Digital Quantum Simulation for Spectroscopy of Schwinger Model

TL;DR

This paper introduces a digital quantum simulation method using coherent imaging spectroscopy to compute energy spectra of quantum field theories, demonstrated on the Schwinger model, highlighting potential efficiency on future quantum computers.

Contribution

It presents a novel quantum algorithm for spectroscopy of quantum field theories and applies it to the Schwinger model, including practical simulation techniques and complexity analysis.

Findings

Successful application of the algorithm to the Schwinger model on a classical simulator.

Analysis of quench types and their effects on simulation results.

Estimation of the method's efficiency for fault-tolerant quantum computers.

Abstract

This note discusses a method for computing the energy spectra of quantum field theory utilizing digital quantum simulation. A quantum algorithm, called coherent imaging spectroscopy, quenches the vacuum with a time-oscillating perturbation and then reads off the excited energy levels from the loss in the vacuum-to-vacuum probability following the quench. As a practical demonstration, we apply this algorithm to the (1+1)-dimensional quantum electrodynamics with a topological term known as the Schwinger model, where the conventional Monte Carlo approach is practically inaccessible.

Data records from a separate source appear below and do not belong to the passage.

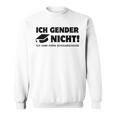 Ich Gender Nicht Ich Habe Einen Schulabschluss Men's White Sweatshirt
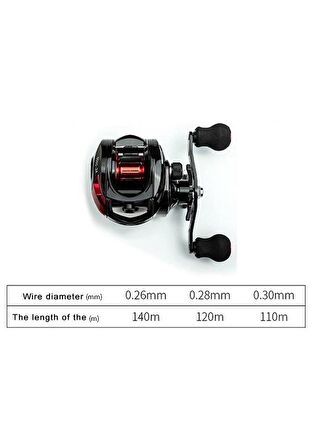 Valkyrie AE2000 Baitcasting Sağ El Çıkrık 7:2:1 Olta Makinesi Motoru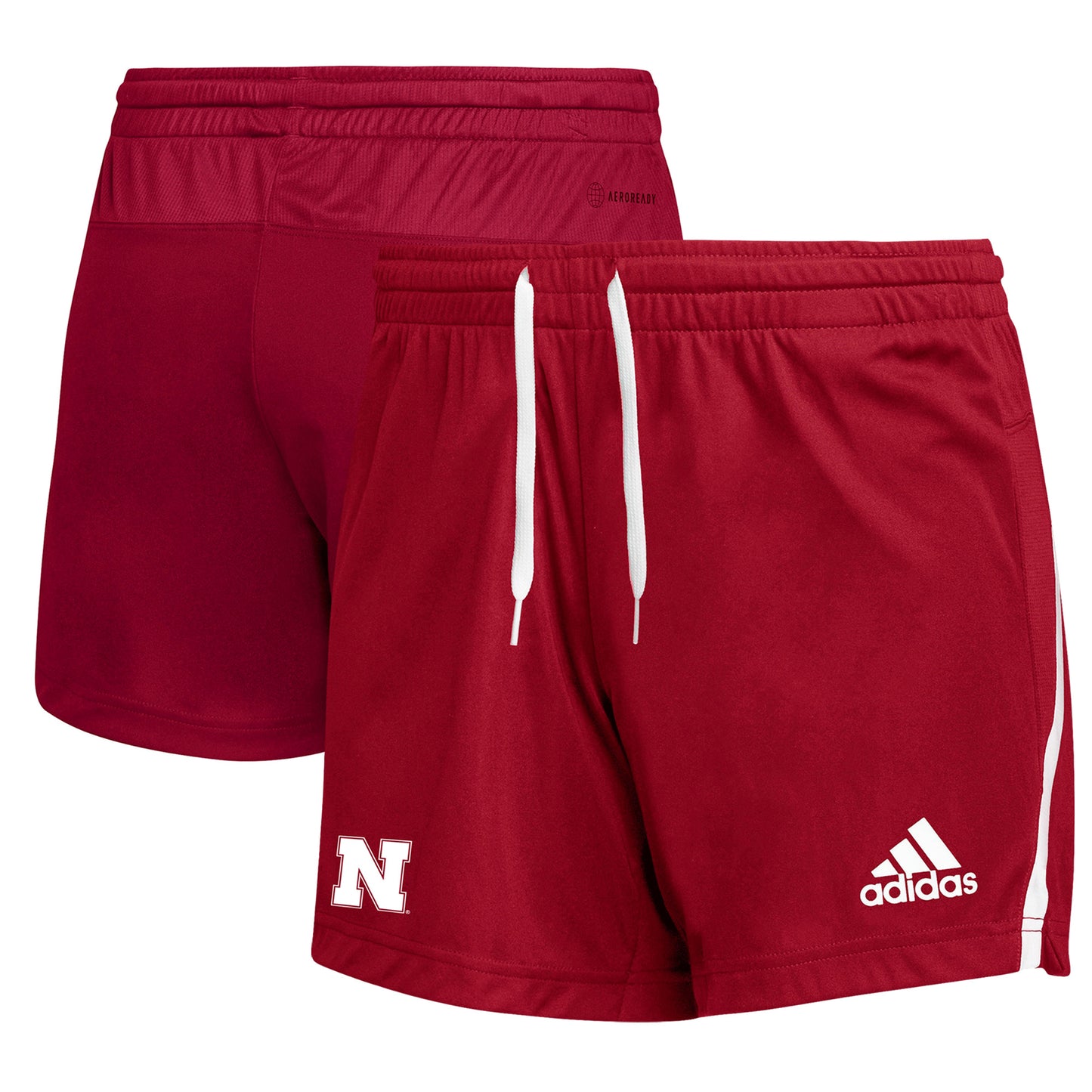 Women's adidas Scarlet Nebraska Huskers Team Issue Shorts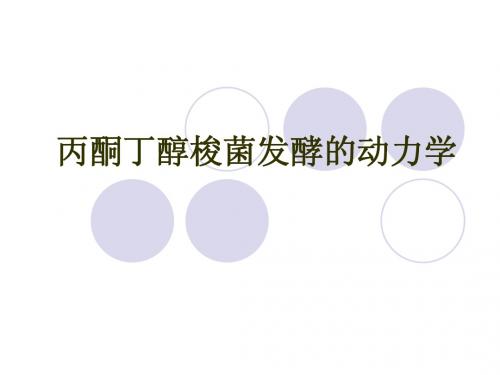 丙酮丁醇梭菌发酵的动力学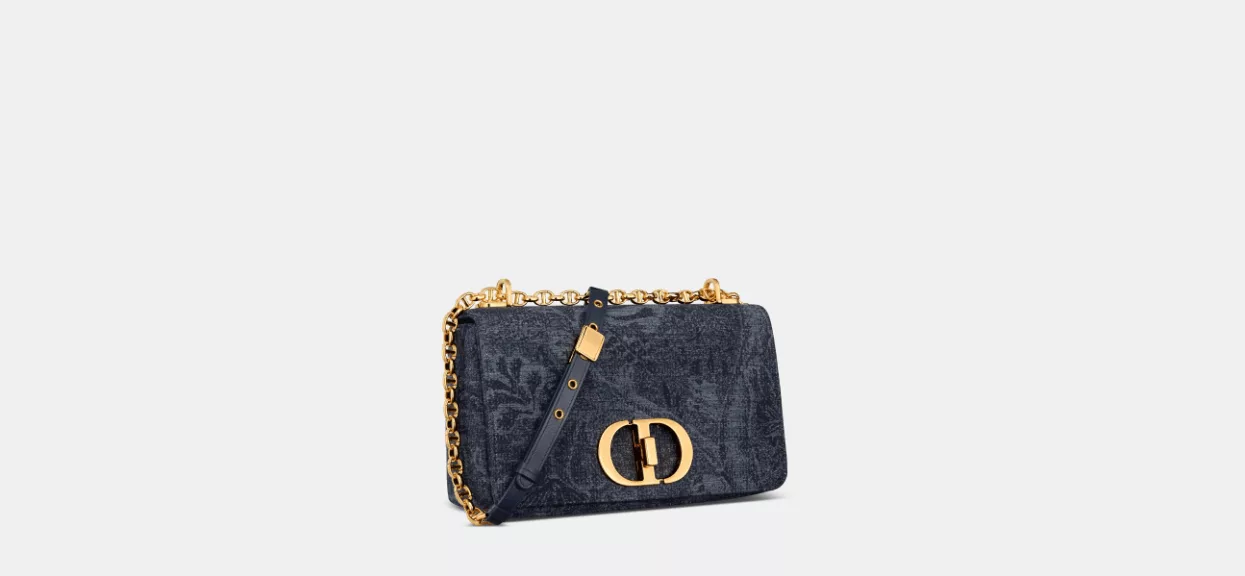 Dior Shoulder Bags o1w1db10624 Size: OS / Medium Dior Caro Bag in Denim Blue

In particular, on a classical simulator, we prepare the vacuum of the Schwinger model on a lattice by adiabatic state preparation and then apply various types of quenches to the approximate vacuum through Suzuki-Trotter time evolution. We discuss the dependence of the simulation results on the specific types of quenches and introduce various consistency checks, including the exact diagonalization and the continuum limit extrapolation. The estimation of the computational complexity required to obtain physically reasonable results implies that the method is likely efficient in the coming era of early fault-tolerant quantum computers.